WASHINGTON - When Howard Dean told Kurt L. Schmoke that he planned to run for president, the former Baltimore mayor offered to help his friend and Yale classmate.
Schmoke knew he could help advise Dean on urban policy. He knew he could help the former Vermont governor reach out to African-Americans. But Schmoke, now dean of the Howard University Law School, also feared he could hurt Dean.
As someone who 15 years ago earned recognition - notoriety, mostly - for his bold suggestion that illegal drugs be decriminalized, Schmoke has had to walk a fine line in supporting any national candidate.
"There are places that I go, and you say my name and it's immediately vilified," he said in a recent interview at his law school office.
Indeed, Schmoke, a former state's attorney for Baltimore and a three-term mayor, acknowledges that his maverick stance on drugs ensured that his political career halted at the local level.
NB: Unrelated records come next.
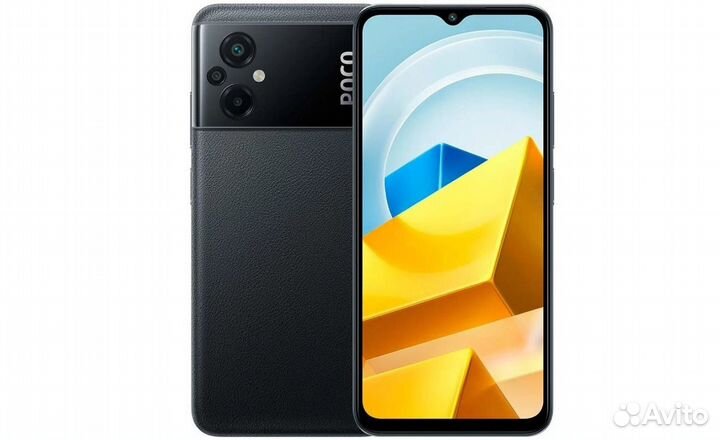 Xiaomi Poco M5, 4/64 ГБ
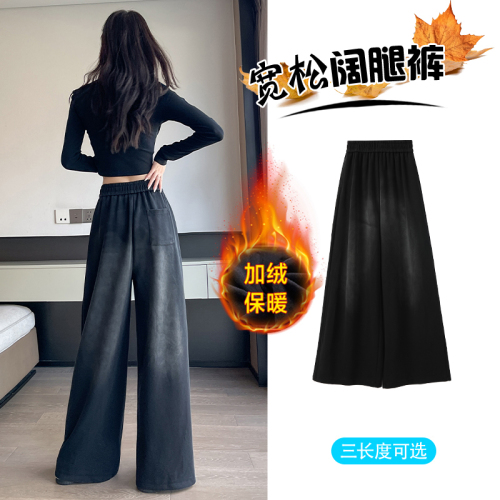 American velvet black sports pants for women, autumn and winter loose casual sweatpants, lazy jazzy wide-leg pants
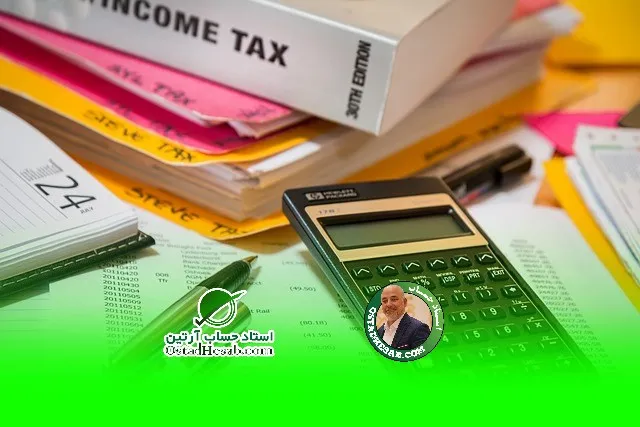 خدمات اظهار نامه مالیاتی|www.ostadhesab.com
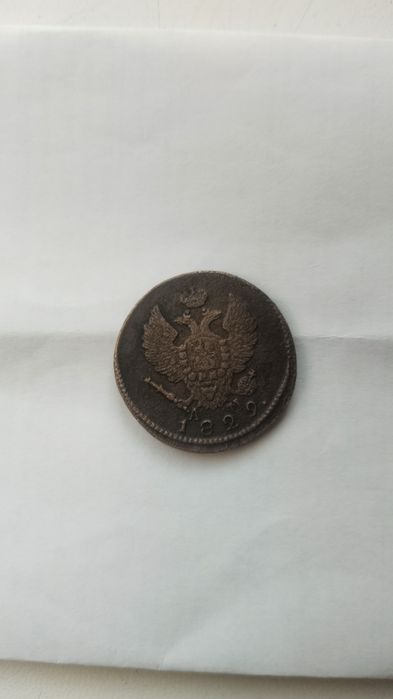 монет российской империи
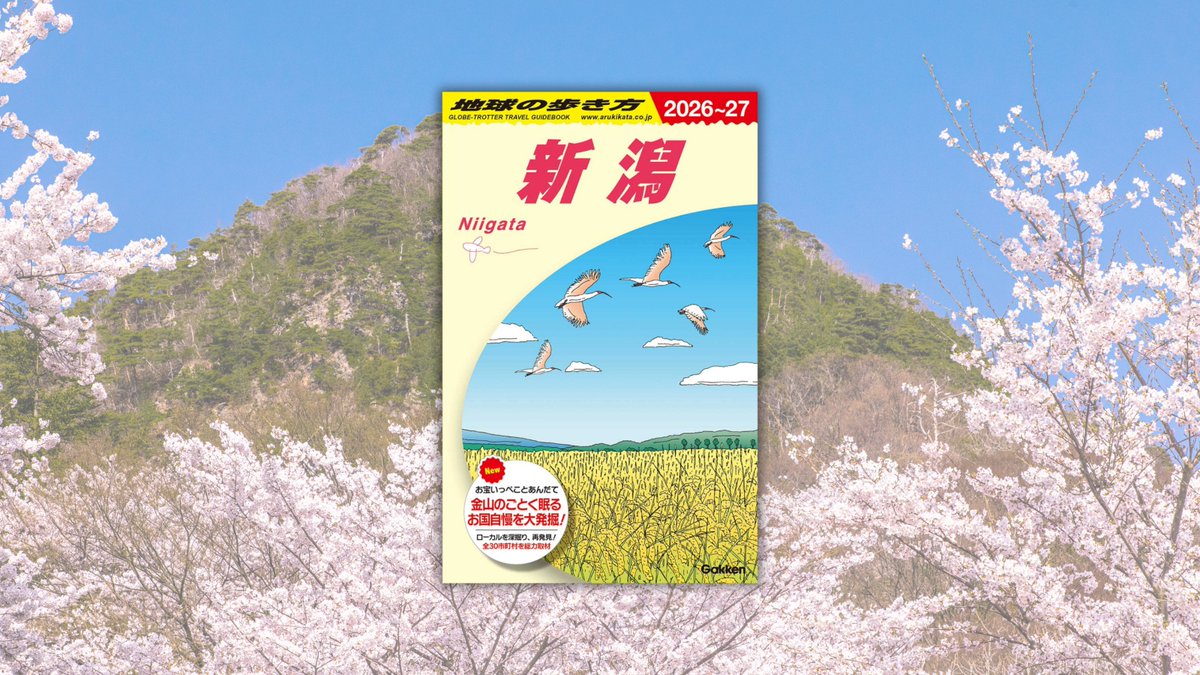 地球の歩き方 tweet media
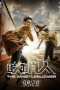 The Whistleblower (Chui shao ren) (2019) The Whistleblower (Chui shao ren) (2019)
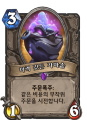 2026년 1월 5일 (월) 19:06 판의 섬네일
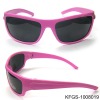 Wholesale children's sunglasses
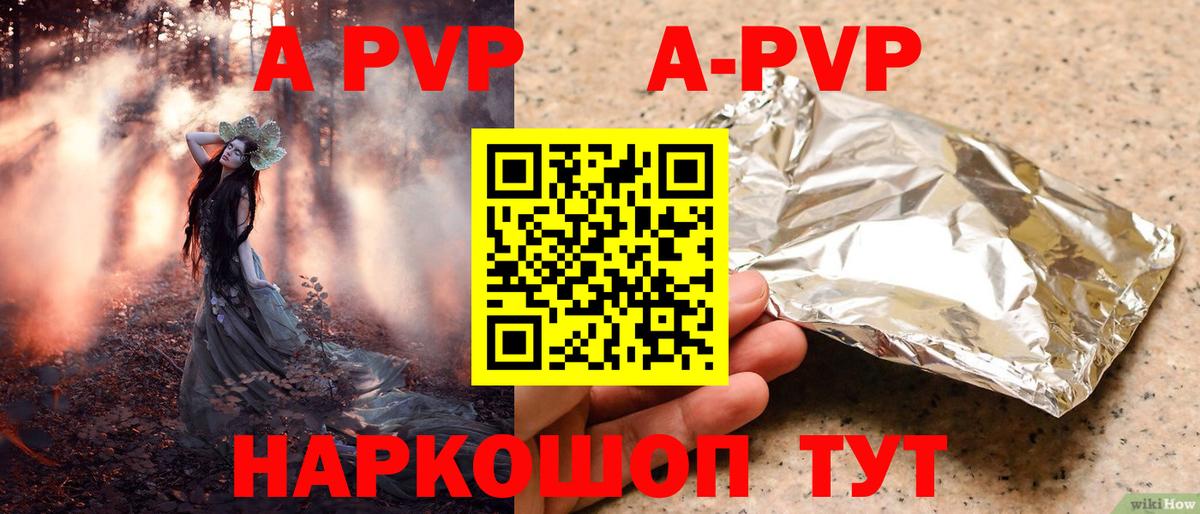 Альфа ПВП Соль  А ПВП VHQ  Вход с VPN  Калининград  APVP мука 
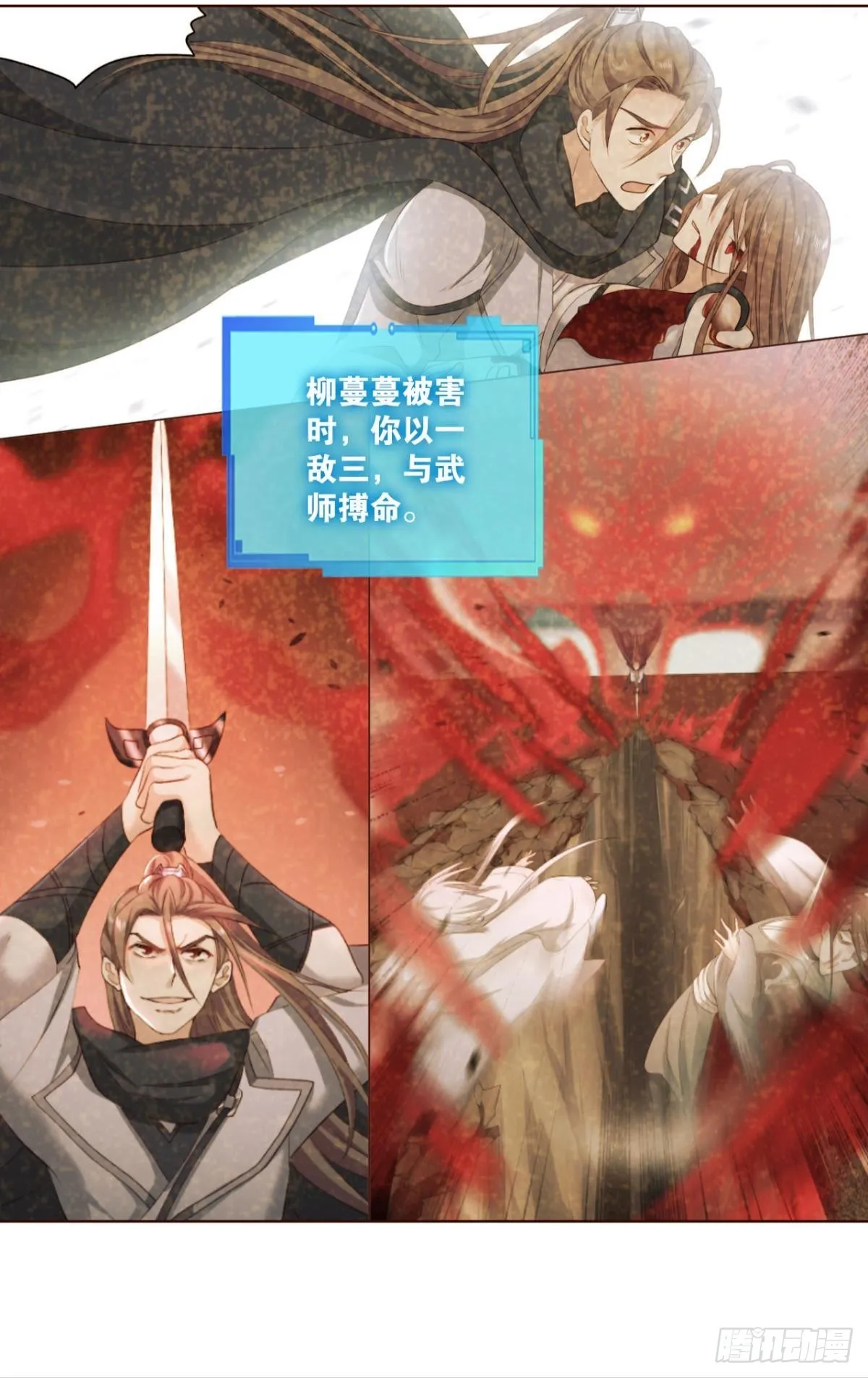 要回去吗？ 第8页
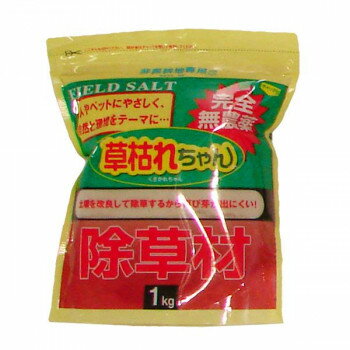 完全無農薬除草剤 草枯れちゃん 1kg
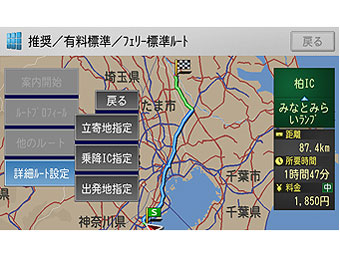 �y�i�rLite AVIC-MRZ09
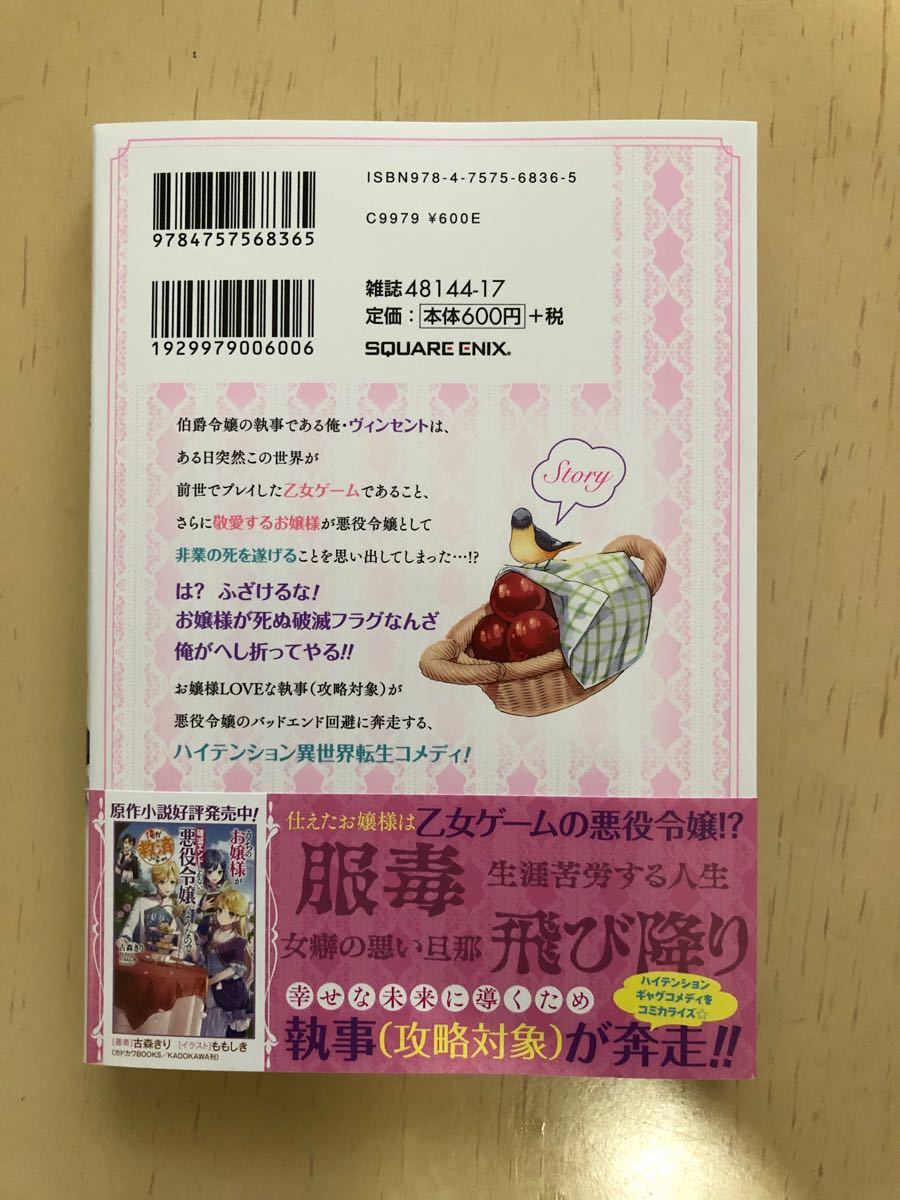 うちのお嬢様が破滅エンドしかない悪役令嬢のようなので俺が救済したいと思います。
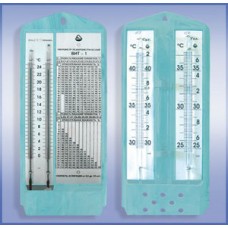 Гигрометры психометрические ВИТ-1, ВИТ-2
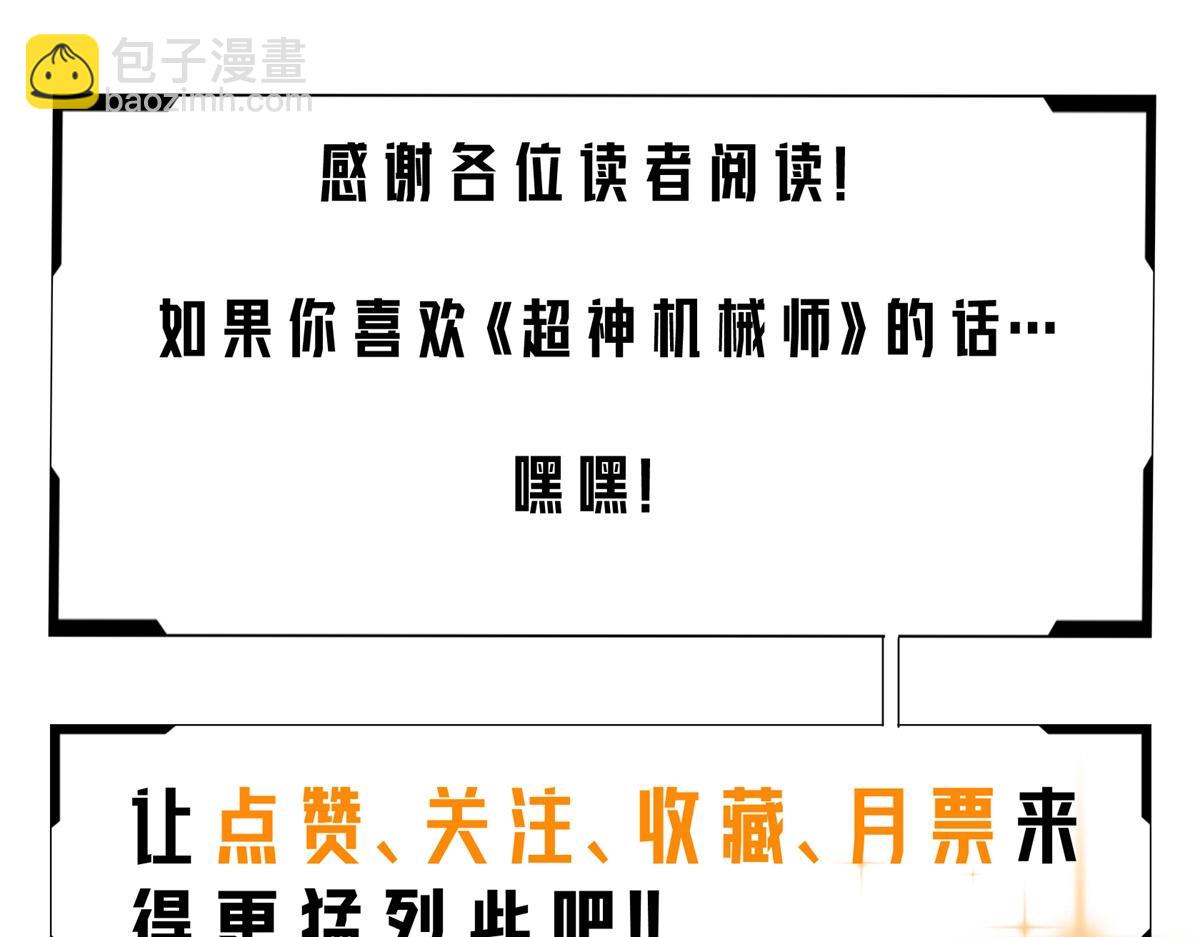 超神機械師 - 243 柳暗花明(2/2) - 5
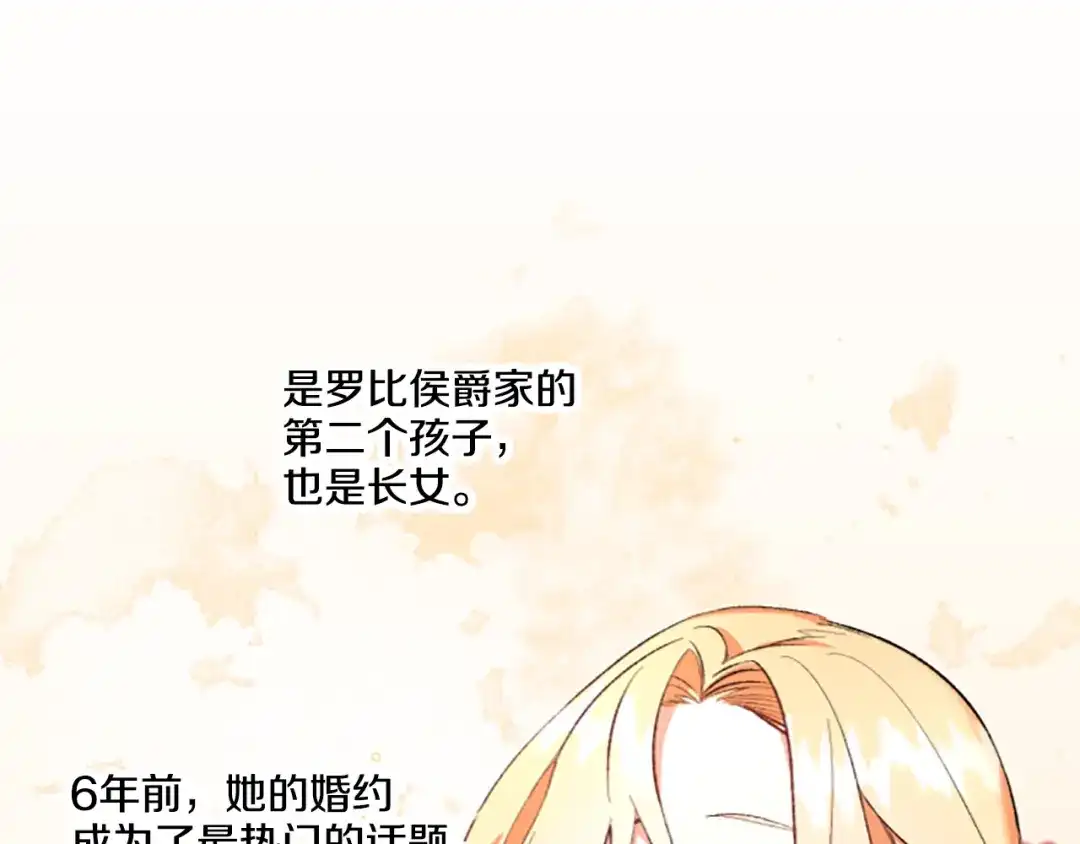 偏执公爵不让我带崽逃 第2话 婚约依旧有效 第2页
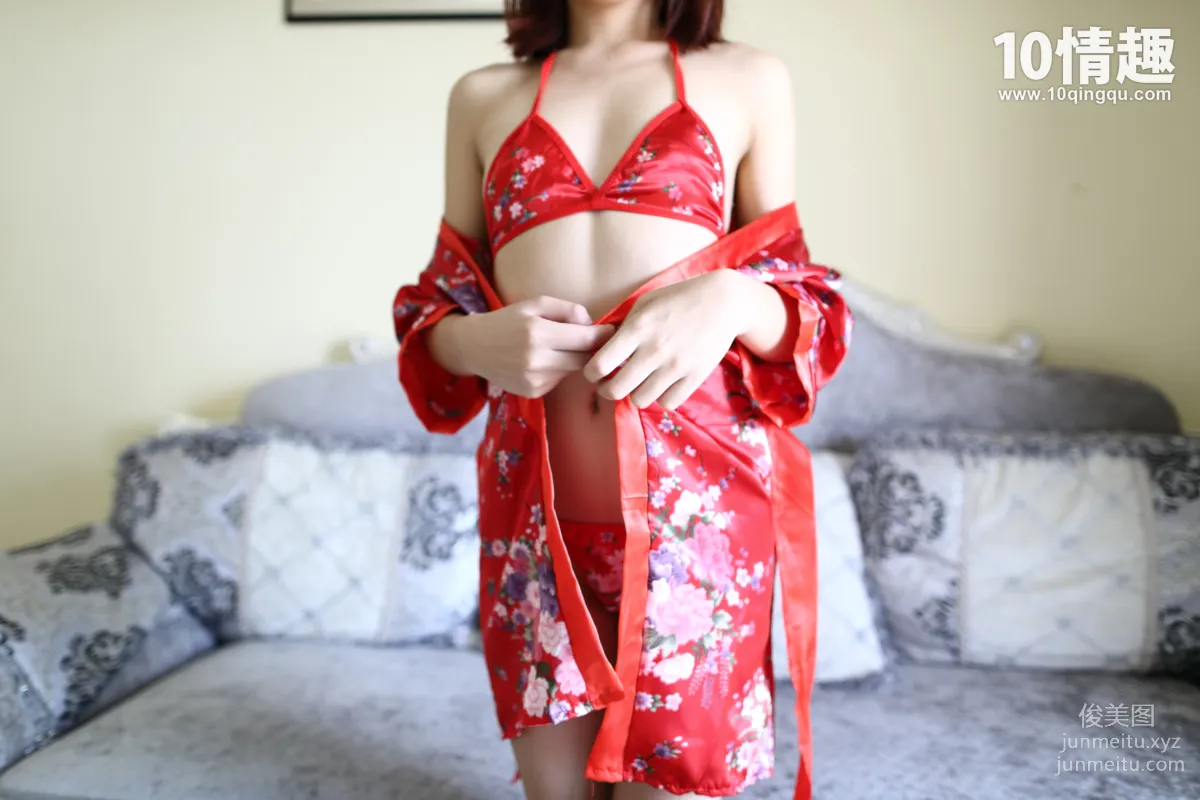 ROSI No. 020 photo 23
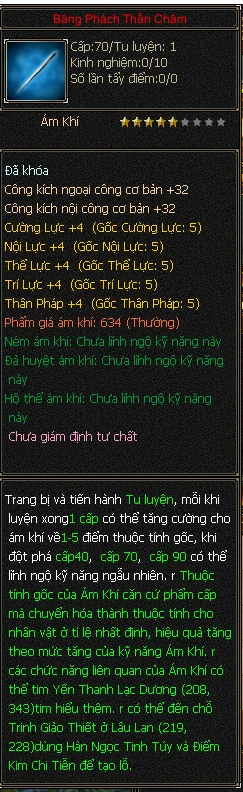 Băng Phách Thần Châm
So Schmoke told Dean and his staff in Vermont that he would do anything he could to help elect the doctor-turned-politician. "But I said, `Look, you've got to make it very clear I'm here as a friend and former mayor, and not as a policy adviser on this issue.'
"I wouldn't want to hurt his campaign in any way by any suggestion that he was embracing my more radical point of view - which I still believe is correct, but I won't make that any kind of litmus test for supporting a candidate," he says.
Schmoke, 54, has known Dean since 1967, when they both entered Yale and became friends through two of Dean's roommates. These days, Schmoke - who this past semester also taught courses on strategic leadership at the U.S. Army War College and Dickinson College in Carlisle, Pa. - is serving as one of many informal advisers and cheerleaders for the once little-known governor who has rocketed beyond most expectations to the front of the Democratic pack.
The former mayor traveled with Dean last summer on a campaign swing to Chicago and New York, and introduced him at a rally at the University of Maryland, College Park in September. Schmoke occasionally discusses public housing, transportation, education - nearly every aspect of urban life, with the deliberate exception of drug abuse - with Dean's policy team.
"We know what not to talk about," Schmoke says with his customary hearty laugh.
This fall, Schmoke helped defend Dean after an uproar over the candidate's remarks invoking the Confederate flag that offended some African-Americans and others.